There’s no question that local advertising on the web should work. After all, the digital space is where audience is growing. Also, it’s much, much easier to target potential customers, geographically, demographically and psychographically.
And, yet, outside of Google’s products, there haven’t been a lot of easy, simple digital solutions to help a small business to promote itself. Banners may or may not help with branding, but small business — even in service industries — is a retail business. Branding’s nice, but if the phone doesn’t ring or the leads don’t appear in the inbox, the prototypical Mom or Pop is probably not going to re-up that campaign next month.
That’s why I can’t stop thinking about a new approach just announced from Publish2 called BreakingPromos. It falls into that “I wish I’d thought of this” category.
The idea behind BreakingPromos is simple and inspired. It starts with the premise that many savvy local businesses already know how to promote themselves through Twitter and Facebook — sharing news of a Happy Hour deal or the new swimwear collection, for instance — but that such promotions work almost exclusively for the existing customer base only. It’s smart to market to your fans, true, but it’s not enough.
Advertising needs to attract and create new customers. How to do that, using the spirit and methods of Twitter and Facebook? Enter Breaking Promos.
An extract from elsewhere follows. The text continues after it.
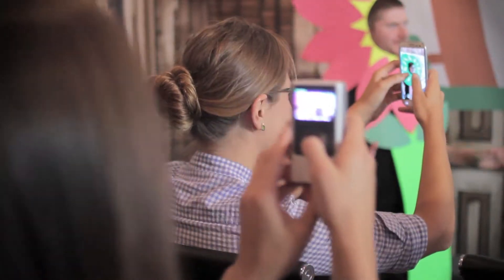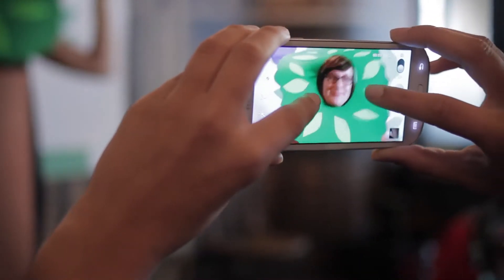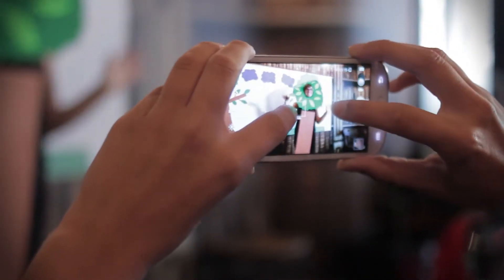First things first, holding the camera can be a little bit tricky. So make sure you tilt it horizontally. Yeah, there we go. Just remember, too much zooming in and out may cause nausea. You have been warned.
- It’s a platform for local advertisers to create tweet-like ads, which are then aggregated on a local news site. These are also then sent on to the advertiser’s own Twitter feed, Facebook page and beyond. But they start on the local news site, where an interested local audience is concentrated.
- These promos are categorized and promoted to the site’s users, becoming themselves valuable content about the commercial/retail/entertainment life of the community.
- The price point is extremely low — a buck or less — and sold in bundles of single-use credits. Because this is a reverse-chron feed and, assuming there is decent adoption of the platform by competitors, the system is set up to motivate frequent use of credits and to reward that use through immediate retail traffic or lead generation. If you’re thinking this sounds like gamification of the ad sales process, you’re right.
- It’s self-managed on the back-end by the advertiser him- or herself. Once a relationship is established, whether through traditional sales channels or word-of-mouth, there is no further need of administrative or sales support by the local news site.
- It’s promoted on the local site through a ticker of current deals, a landing page for all promos and, if the site is being creative, through integration with other utility/service content for users.
This is how they’ve mocked it up on the Publish2 site:
Price of entry for the local advertiser is as little as $10 to start (with each placement costing a dollar). The cost to the local publisher is as much as half of that dollar to be split with Publish2. In John Paton’s parlance, five stacked dimes per ad will flow to the publisher. Not a lot to be sure, until and unless there’s scale.
So there are a lot of if-then statements in the Breaking Promos promise, but on the face of it, it starts to feel like at least one piece of the local puzzle — the one where advertisers in the community get instant gratification for their ad spend — is being solved. There will still be the need for branding campaigns, long-form videos, events, etc., but this simple approach to scratching that primary itch may free up sales and production resources to actually start to deliver those more ambitious programs for local and regional advertisers.
What do you think? Is this a step in the right direction for local publishers who want to help businesses in their community to succeed? Will this kind of direct-response advertising have the kind of ROI for local businesses that the want and need?